Comment comprendre, maîtriser et préserver l’eau ? Ce défi, au cœur des enjeux contemporains, était déjà au centre des recherches de Léonard de Vinci il y a plus de 500 ans. Le château du Clos Lucé révèle une exposition immersive inédite dédiée à sa vision pionnière : « Léonard de Vinci maître de l’eau ». Pendant 45 ans, Léonard de Vinci observe et dessine les mouvements de l’eau, étudie ses courants, ses tourbillons, sa force de percussion et son rôle dans la formation des paysages. À la croisée de l’art et de la science, ses dessins et ses projets témoignent d’une inventivité exceptionnelle pour maîtriser, transporter et distribuer l’eau, portée par l’idée constante de la contrôler pour la rendre utile à l’humanité.

Sur 330 m², l’exposition réunit des dessins originaux du Codex Atlanticus de Léonard de Vinci, exceptionnellement prêtés par la Bibliothèque Ambrosienne, des maquettes historiques réalisées d’après ses croquis, des œuvres d’art et de rares manuscrits du XVe siècle (Artistote, Physica ; Ptolémée, Cosmographia ; Taccola, De machinis). Des dispositifs interactifs et des créations audiovisuelles complètent cet ensemble pour éclairer, de manière concrète, l’étendue de ses recherches et la portée visionnaire de ses travaux sur l’eau.

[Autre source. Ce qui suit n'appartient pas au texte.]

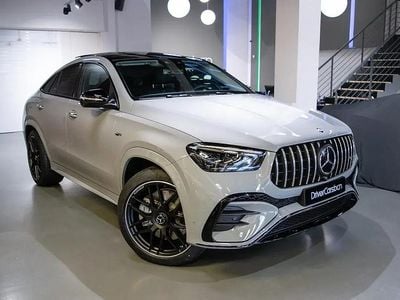 Nieuw Mercedes GLE53 AMG AMG 435 PK (319 kW) 2025 Grijs Coupé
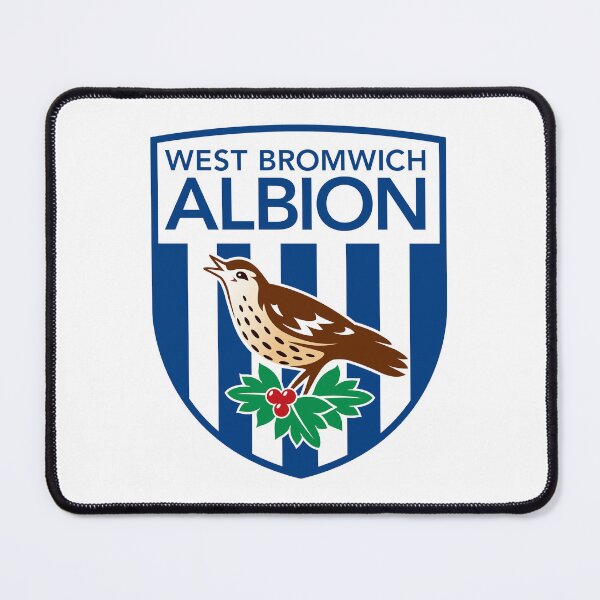 Item preview, West Bromwich Albion FC The Baggies Crest designed and sold by yraniya67.
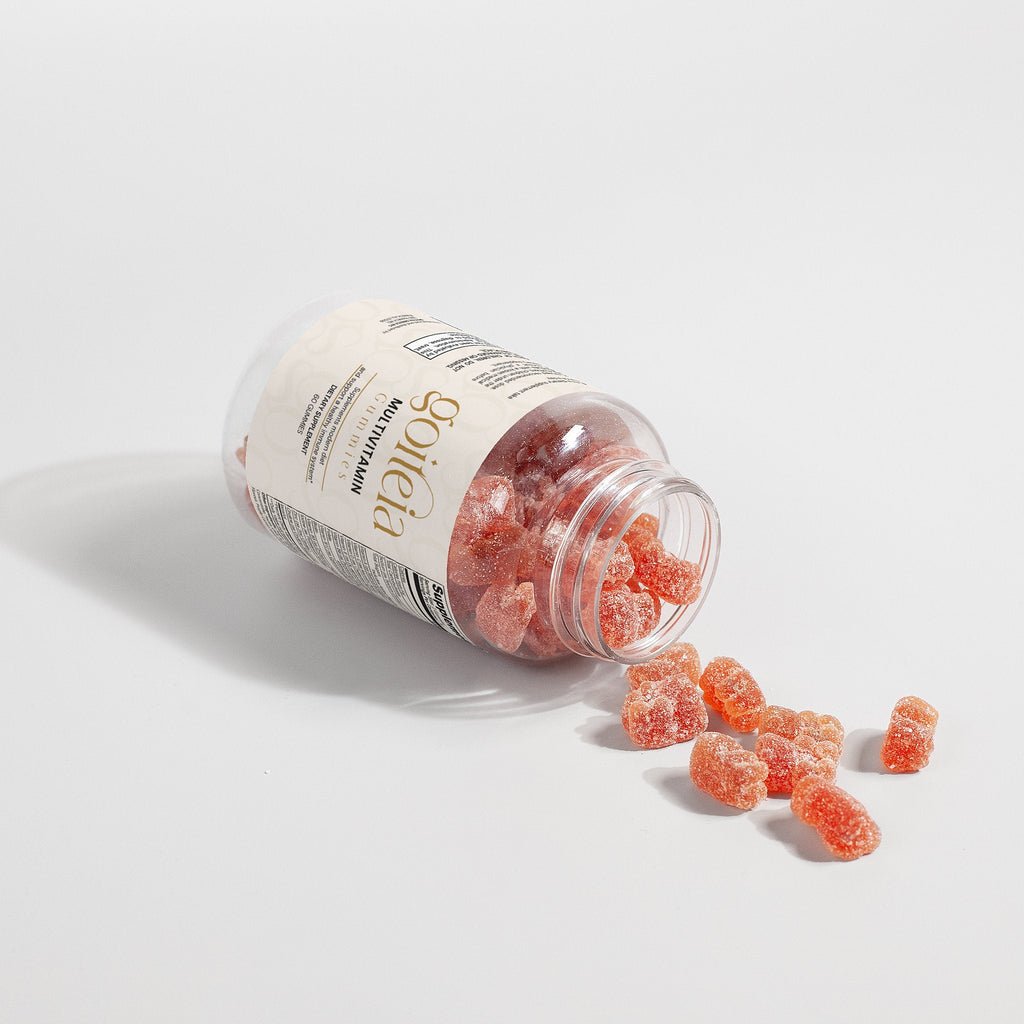 Goiteia Multivitamin Bear Gummies (Adult) 60 gummies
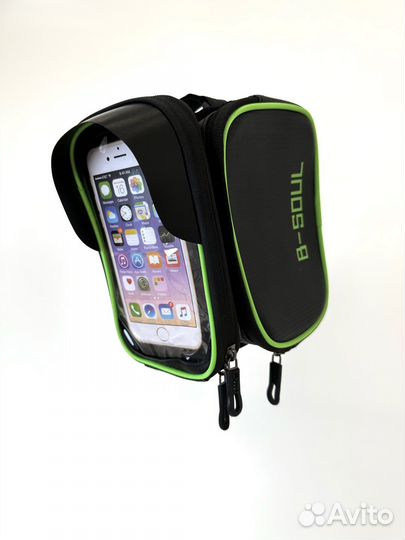 Велосумка на раму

Depuis l’Antiquité, l’eau est chargée de symboles. Empédocle en fait l’un des quatre éléments de la matière, avec la terre, l’air et le feu. Les cultures, les mythes et les religions l’associent à la vie, à la pureté, à la guérison, mais aussi à la destruction. Léonard de Vinci hérite de cet imaginaire ancien, qu’il transforme par l’observation et l’expérimentation.
Héritier des ingénieurs médiévaux et des grands bâtisseurs de la Renaissance, Léonard pousse plus loin que ses prédécesseurs. Il veut comprendre l’eau pour la maîtriser, la rendre utile, productive, protectrice.
Ses carnets fourmillent d’inventions : pompes hydrauliques, vis d’Archimède géantes, moulins à eau, machines d’assèchement, écluses, canaux, aqueducs, bateaux à aubes, étraves innovantes, scaphandres… Autant de solutions concrètes pensées pour dompter, transporter et distribuer l’eau. À Milan, Florence, Venise, dans la plaine du Pô ou au service des rois de France, Léonard imagine des projets de génie civil d’une ampleur impressionnante : villes traversées par des réseaux de canaux, détournement de fleuves, drainage de marais, voies navigables reliant régions et royaumes.
Ingénieur de terrain, il calcule les débits, chronomètre l’écoulement de l’eau et étudie la manière dont la force de l’eau façonne les paysages. Léonard développe même les prémices de l’hydrodynamique moderne, utilisant la puissance des chutes d’eau pour produire de l’énergie et imaginer de nouvelles applications industrielles. Il projette de créer un grand « Traité de l’eau », qu’il n’achève jamais mais dont les dessins et réflexions sont aujourd’hui dispersés dans ses codex. Pour lui, « l’eau est la force motrice de toute la nature ».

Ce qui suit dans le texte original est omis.